▶ Instructions to follow
Please give the data again in full, exactly as it reads.

(Short web captions)
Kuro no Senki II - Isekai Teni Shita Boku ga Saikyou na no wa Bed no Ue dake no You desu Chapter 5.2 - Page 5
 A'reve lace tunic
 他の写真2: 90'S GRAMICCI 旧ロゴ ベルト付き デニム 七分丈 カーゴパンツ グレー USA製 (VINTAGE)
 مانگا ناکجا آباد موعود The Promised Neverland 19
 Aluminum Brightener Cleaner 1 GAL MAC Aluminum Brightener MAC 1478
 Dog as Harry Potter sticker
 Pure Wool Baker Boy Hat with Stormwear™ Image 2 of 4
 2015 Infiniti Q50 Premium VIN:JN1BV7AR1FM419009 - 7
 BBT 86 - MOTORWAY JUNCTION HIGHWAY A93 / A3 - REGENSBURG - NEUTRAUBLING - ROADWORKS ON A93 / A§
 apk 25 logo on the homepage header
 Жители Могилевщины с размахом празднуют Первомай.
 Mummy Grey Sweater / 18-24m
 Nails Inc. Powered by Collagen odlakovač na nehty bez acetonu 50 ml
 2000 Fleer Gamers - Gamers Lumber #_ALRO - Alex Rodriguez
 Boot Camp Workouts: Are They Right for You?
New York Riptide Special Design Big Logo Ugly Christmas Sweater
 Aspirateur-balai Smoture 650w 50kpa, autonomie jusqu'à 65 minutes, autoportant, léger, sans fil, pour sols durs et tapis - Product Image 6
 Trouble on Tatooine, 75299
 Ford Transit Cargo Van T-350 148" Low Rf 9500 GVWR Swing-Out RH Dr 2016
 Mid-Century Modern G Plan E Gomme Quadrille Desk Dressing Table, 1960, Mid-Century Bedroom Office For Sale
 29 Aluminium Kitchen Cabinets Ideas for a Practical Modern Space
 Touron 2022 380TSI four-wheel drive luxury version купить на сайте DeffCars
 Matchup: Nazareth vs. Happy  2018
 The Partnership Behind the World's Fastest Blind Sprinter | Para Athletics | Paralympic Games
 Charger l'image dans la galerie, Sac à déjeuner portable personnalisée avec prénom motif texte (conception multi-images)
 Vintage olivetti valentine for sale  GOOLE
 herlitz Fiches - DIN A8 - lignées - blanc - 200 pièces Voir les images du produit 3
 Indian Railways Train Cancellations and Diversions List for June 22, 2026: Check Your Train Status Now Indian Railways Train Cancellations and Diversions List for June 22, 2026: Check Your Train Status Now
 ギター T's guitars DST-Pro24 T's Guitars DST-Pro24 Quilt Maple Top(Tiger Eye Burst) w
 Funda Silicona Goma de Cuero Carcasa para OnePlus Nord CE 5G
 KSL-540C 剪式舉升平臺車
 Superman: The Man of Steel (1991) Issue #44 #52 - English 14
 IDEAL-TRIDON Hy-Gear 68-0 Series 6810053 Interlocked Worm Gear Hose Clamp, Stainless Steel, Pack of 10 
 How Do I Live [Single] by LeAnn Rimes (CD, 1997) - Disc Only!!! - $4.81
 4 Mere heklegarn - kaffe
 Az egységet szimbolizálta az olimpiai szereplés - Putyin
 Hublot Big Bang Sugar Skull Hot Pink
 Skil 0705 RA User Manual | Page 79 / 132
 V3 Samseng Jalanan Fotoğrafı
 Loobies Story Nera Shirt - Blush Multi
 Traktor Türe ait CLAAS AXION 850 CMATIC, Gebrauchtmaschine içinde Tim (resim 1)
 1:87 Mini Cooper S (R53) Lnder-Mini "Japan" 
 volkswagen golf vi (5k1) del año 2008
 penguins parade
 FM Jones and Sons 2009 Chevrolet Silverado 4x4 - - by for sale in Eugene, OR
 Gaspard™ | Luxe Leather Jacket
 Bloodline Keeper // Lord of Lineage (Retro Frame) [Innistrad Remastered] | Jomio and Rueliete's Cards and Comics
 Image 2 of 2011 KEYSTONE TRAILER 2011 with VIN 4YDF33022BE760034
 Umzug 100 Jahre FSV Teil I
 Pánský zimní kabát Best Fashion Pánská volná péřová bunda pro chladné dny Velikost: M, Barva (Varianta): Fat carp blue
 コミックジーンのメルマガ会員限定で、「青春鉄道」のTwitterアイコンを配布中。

▶ Solution to this task
Kuro no Senki II - Isekai Teni Shita Boku ga Saikyou na no wa Bed no Ue dake no You desu Chapter 5.2 - Page 5
 A'reve lace tunic
 他の写真2: 90'S GRAMICCI 旧ロゴ ベルト付き デニム 七分丈 カーゴパンツ グレー USA製 (VINTAGE)
 مانگا ناکجا آباد موعود The Promised Neverland 19
 Aluminum Brightener Cleaner 1 GAL MAC Aluminum Brightener MAC 1478
 Dog as Harry Potter sticker
 Pure Wool Baker Boy Hat with Stormwear™ Image 2 of 4
 2015 Infiniti Q50 Premium VIN:JN1BV7AR1FM419009 - 7
 BBT 86 - MOTORWAY JUNCTION HIGHWAY A93 / A3 - REGENSBURG - NEUTRAUBLING - ROADWORKS ON A93 / A§
 apk 25 logo on the homepage header
 Жители Могилевщины с размахом празднуют Первомай.
 Mummy Grey Sweater / 18-24m
 Nails Inc. Powered by Collagen odlakovač na nehty bez acetonu 50 ml
 2000 Fleer Gamers - Gamers Lumber #_ALRO - Alex Rodriguez
 Boot Camp Workouts: Are They Right for You?
New York Riptide Special Design Big Logo Ugly Christmas Sweater
 Aspirateur-balai Smoture 650w 50kpa, autonomie jusqu'à 65 minutes, autoportant, léger, sans fil, pour sols durs et tapis - Product Image 6
 Trouble on Tatooine, 75299
 Ford Transit Cargo Van T-350 148" Low Rf 9500 GVWR Swing-Out RH Dr 2016
 Mid-Century Modern G Plan E Gomme Quadrille Desk Dressing Table, 1960, Mid-Century Bedroom Office For Sale
 29 Aluminium Kitchen Cabinets Ideas for a Practical Modern Space
 Touron 2022 380TSI four-wheel drive luxury version купить на сайте DeffCars
 Matchup: Nazareth vs. Happy  2018
 The Partnership Behind the World's Fastest Blind Sprinter | Para Athletics | Paralympic Games
 Charger l'image dans la galerie, Sac à déjeuner portable personnalisée avec prénom motif texte (conception multi-images)
 Vintage olivetti valentine for sale  GOOLE
 herlitz Fiches - DIN A8 - lignées - blanc - 200 pièces Voir les images du produit 3
 Indian Railways Train Cancellations and Diversions List for June 22, 2026: Check Your Train Status Now Indian Railways Train Cancellations and Diversions List for June 22, 2026: Check Your Train Status Now
 ギター T's guitars DST-Pro24 T's Guitars DST-Pro24 Quilt Maple Top(Tiger Eye Burst) w
 Funda Silicona Goma de Cuero Carcasa para OnePlus Nord CE 5G
 KSL-540C 剪式舉升平臺車
 Superman: The Man of Steel (1991) Issue #44 #52 - English 14
 IDEAL-TRIDON Hy-Gear 68-0 Series 6810053 Interlocked Worm Gear Hose Clamp, Stainless Steel, Pack of 10 
 How Do I Live [Single] by LeAnn Rimes (CD, 1997) - Disc Only!!! - $4.81
 4 Mere heklegarn - kaffe
 Az egységet szimbolizálta az olimpiai szereplés - Putyin
 Hublot Big Bang Sugar Skull Hot Pink
 Skil 0705 RA User Manual | Page 79 / 132
 V3 Samseng Jalanan Fotoğrafı
 Loobies Story Nera Shirt - Blush Multi
 Traktor Türe ait CLAAS AXION 850 CMATIC, Gebrauchtmaschine içinde Tim (resim 1)
 1:87 Mini Cooper S (R53) Lnder-Mini "Japan" 
 volkswagen golf vi (5k1) del año 2008
 penguins parade
 FM Jones and Sons 2009 Chevrolet Silverado 4x4 - - by for sale in Eugene, OR
 Gaspard™ | Luxe Leather Jacket
 Bloodline Keeper // Lord of Lineage (Retro Frame) [Innistrad Remastered] | Jomio and Rueliete's Cards and Comics
 Image 2 of 2011 KEYSTONE TRAILER 2011 with VIN 4YDF33022BE760034
 Umzug 100 Jahre FSV Teil I
 Pánský zimní kabát Best Fashion Pánská volná péřová bunda pro chladné dny Velikost: M, Barva (Varianta): Fat carp blue
 コミックジーンのメルマガ会員限定で、「青春鉄道」のTwitterアイコンを配布中。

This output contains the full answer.